I apologise in advance for this one it is probably very simple. Whenever I run the following script I get this error, I have looked at everyhting but cannot see the problem:

Warning: mysql_numrows(): supplied argument is not a valid MySQL result resource in /home/daniels/public_html/display.php on line 5

Here is the code:

[php]<?php
include(“connect.php”);
$query=“SELECT * FROM daniels_addresses”;
$result= mysql_query($query);
$num=mysql_numrows($result);
?>

<?PHP $i=0; while ($i<$num) { $FirstName =mysql_result($result,$i,"firstname"); $LastName =mysql_result($result,$i,"lastname"); $Email= mysql_result($result,$i,"email"); ?> <?PHP ++$i; }

?>[/php]
MOD EDIT: Replaced COLOR tags with more appropriate PHP bb code tags

First Name Surname E-Mail
<? echo "$firstname"; ?> <? echo "$lastname"; ?> <? echo "$Email"; ?>

#2

First of all it should by mysql_num_rows($result) and not mysql_numrows($result).
That aside though, the error indicates that $result is not a valid resource ID. There could be a problem with your query. I suggest the following:

[php]

<?php include("connect.php"); $query="SELECT * FROM daniels_addresses"; $result= mysql_query($query) or DIE(' Failed ' . mysql_error() ); $num=mysql_numrows($result); ?> [/php]

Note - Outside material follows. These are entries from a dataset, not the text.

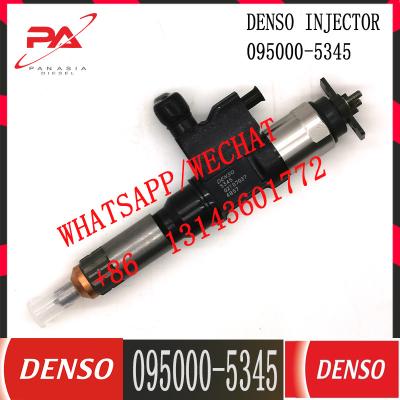 China Originele gemeenschappelijke spoorbrandstofinjector 095000-5344 095000-5342 095000-5345 voor ISUZU 4HK1 6HK1 8-97602485-7 8-97602485-6 Te koop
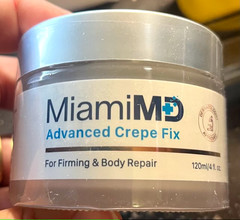 MiamiMD (Miami MD) ADVANCED CREPE FIX – For Firming & Body Repair (120ml/4oz)!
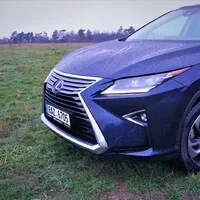 Lexus RX 450h L: Hlavně v klidu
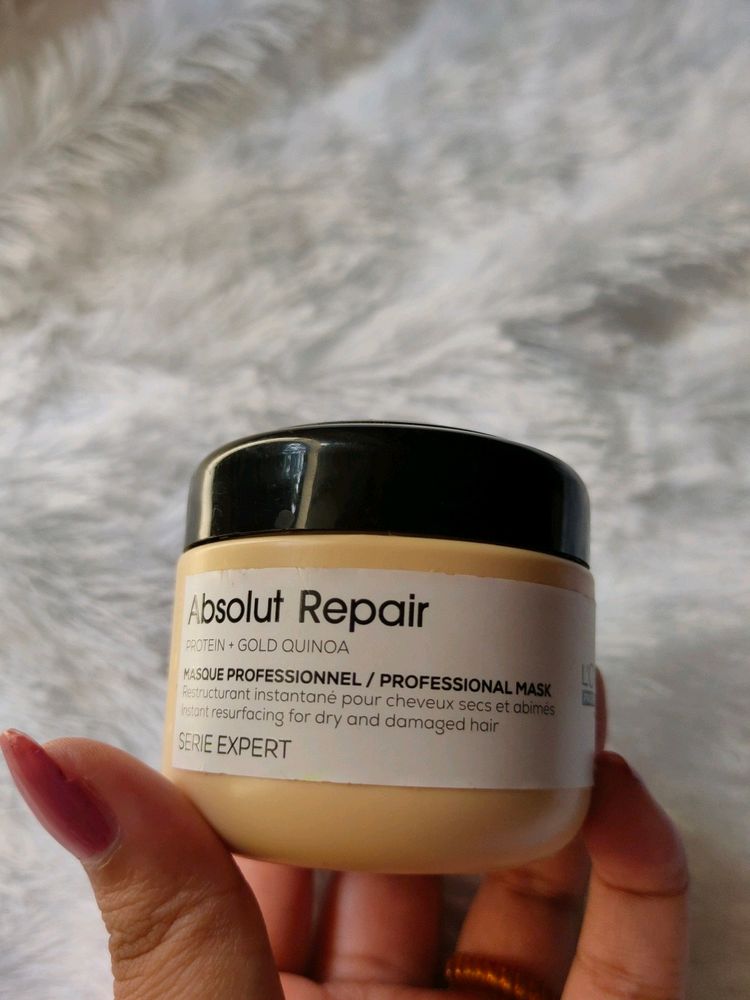 Loreal Paris Professional Hair Mask Absolute Repai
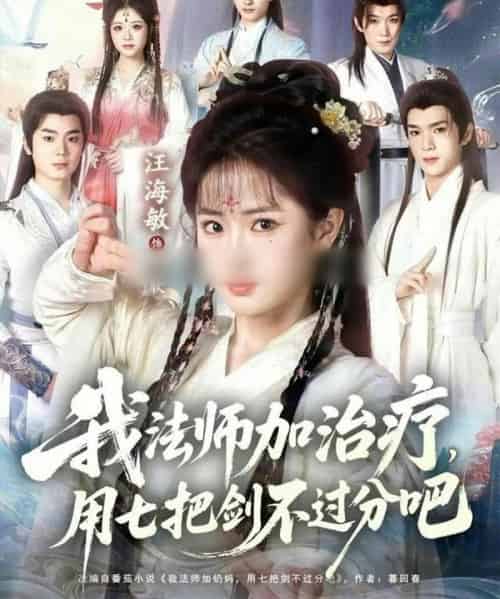 我法师加治疗，用七把剑不过分吧（70集全）汪海敏＆蔡承源-搜外项目网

That way you can see what specifically the MYSQL error is.


#3

The problem will lie in your query like peg110 mentioned.

$query=“SELECT * FROM daniels_addresses”;

Check to make sure that the daniels_addresses table actually exists.


#4

As Paul stated it is probably an error in the query…Not always that the table doesn’t exists, It could be numerous problems.

If you can’t figure out the error it is giving you post it here and we can help you out.


#5

I had botched tha table creation. I recreated the table and now it is fine. Thanks for your help.